Con tus palabras, con las mías, unas que acaban cuando las otras comienzan y se mezclan en mensajes similares, que se complementan y fusionan, se pueden formar aludes de pensamientos que navegan en el torrente sanguíneo haciendo que el cuerpo, levite, más liviano, en la dura realidad que nos rodea.
En el cajón de las palabras mágicas que hay en mi cabeza hoy moran nuevas compañeras. Y los mensajeros químicos de mi cuerpo corren enloquecidos a dar órdenes, todas ellas de colores luminosos, con sonidos de estreno.
Así de poderosas son, así de increíble, que éstos minúsculos garabatos entrelazados puedan transformar, en un momento, al cuerpo en una explosión .
Voy a buscar inéditas palabras, frescas, sensuales, dulces, sencillas, tiernas, suaves, sensibles, risueñas, emotivas, cálidas y armoniosas.
Y mientras las busco espero que todas éstas ya corran por tu sangre, por tu cuerpo, por tus células y tu piel.
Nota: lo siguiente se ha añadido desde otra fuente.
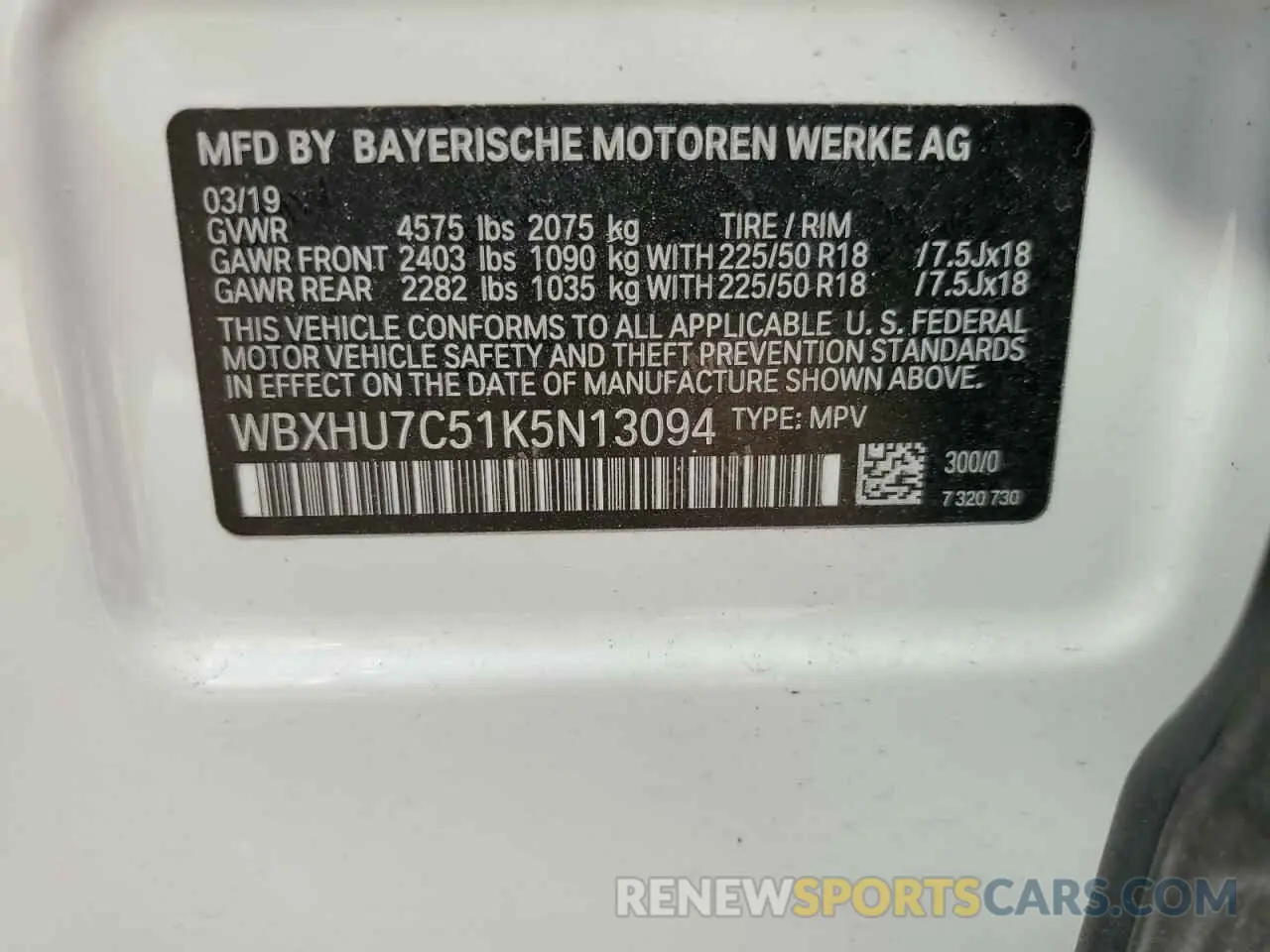 14 Photograph of a damaged car WBXHU7C51K5N13094 BMW X1 2019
Y tú, lo compartas conmigo.

jueves, 4 de abril de 2013

Giro de 180º

Esto es nuevo. No me había pasado nunca. Qué conociera la obra después que al artista. Y no hablo de un conocimiento con lujo de detalles, de ninguna manera. Pero tampoco un conocimiento de un saludo distante, o de un encuentro fugaz. Digamos que no conocemos a fondo a nadie, ni siquiera a nosotros mismos. Pero si que hay un terreno fértil en el que, has compartido algo con una persona, aunque sea un mínimo instante de conexión inexplicable, que puede darse por escrito, o por sensaciones, o simplemente por intentar encontrar aquéllos códigos que nosotros manejamos, una simbología conocida, algo que nos acerque y nos sirva de reconocimiento, hasta si me apuran, de uno mismo.
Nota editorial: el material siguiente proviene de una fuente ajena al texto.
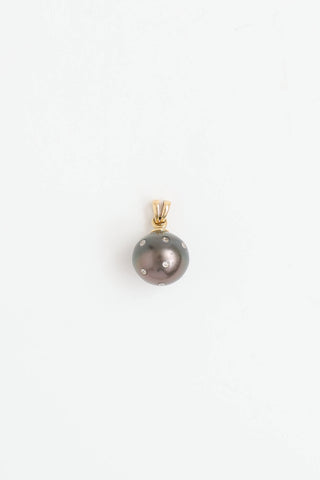 Fine Jewelry 18K Yellow Gold Tahitian Cultured Pearl & Diamond Pendant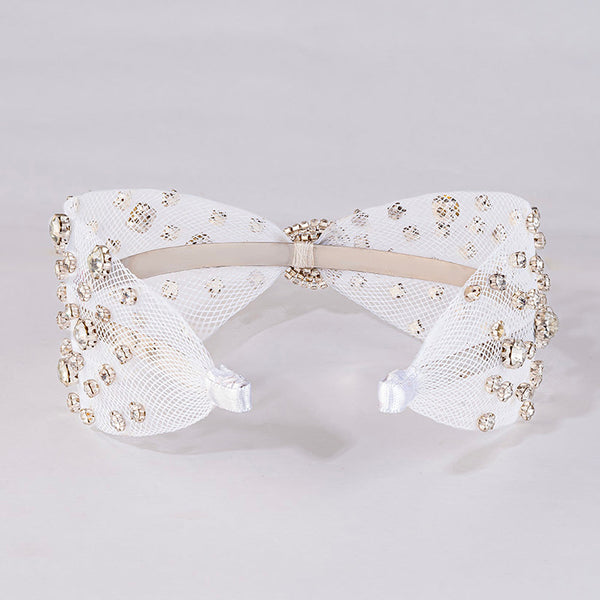 Crystal Mesh Knotted Hair Band - White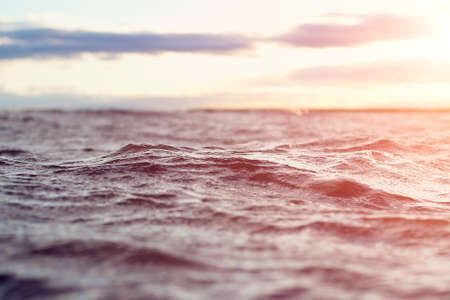 sunset in the open seaの写真素材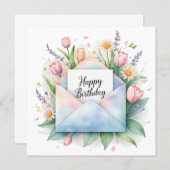 Happy birthday & beautiful flowers. Greeting card シーズンカード (正面/裏面)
Lo cierto es que primero fue la presencia, luego el aprendizaje y las correcciones. Se filtraron las bromas, las frases con doble sentido, que a mí tanto me gustan, los juegos de palabras acompañados de risas. Después llegaron la disección del trabajo, de las ideas. La transfusión en sangre de experiencias y las reseñas de libros leídos.  La audacia, de mi parte, a exponerme y dar vuelta el plano, un giro de ciento ochenta grados. 
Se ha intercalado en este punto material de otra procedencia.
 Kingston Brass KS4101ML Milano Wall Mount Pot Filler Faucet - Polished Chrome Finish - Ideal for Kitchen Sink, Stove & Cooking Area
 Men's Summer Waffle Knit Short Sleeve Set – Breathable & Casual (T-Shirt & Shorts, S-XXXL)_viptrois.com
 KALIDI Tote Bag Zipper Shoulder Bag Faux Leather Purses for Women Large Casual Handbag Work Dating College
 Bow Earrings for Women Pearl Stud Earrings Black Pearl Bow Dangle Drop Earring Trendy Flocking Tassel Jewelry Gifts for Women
Saltamos tres pantallas, de lo desconocido a lo conocido con armadura y estructura definida de antemano por las circunstancias, llegando a la sorpresa por rotura de armadura o disolución de la misma. Algo así como desnudar por un momento, sólo por un momento, el alma.
Entonces conocí la obra.
Y sorprendida, pude entrever, escondido tras los personajes, al artista, como una sombra intermitente. Ciertas palabras, ciertos giros, ciertas reflexiones, las había oído, leído o presentido antes.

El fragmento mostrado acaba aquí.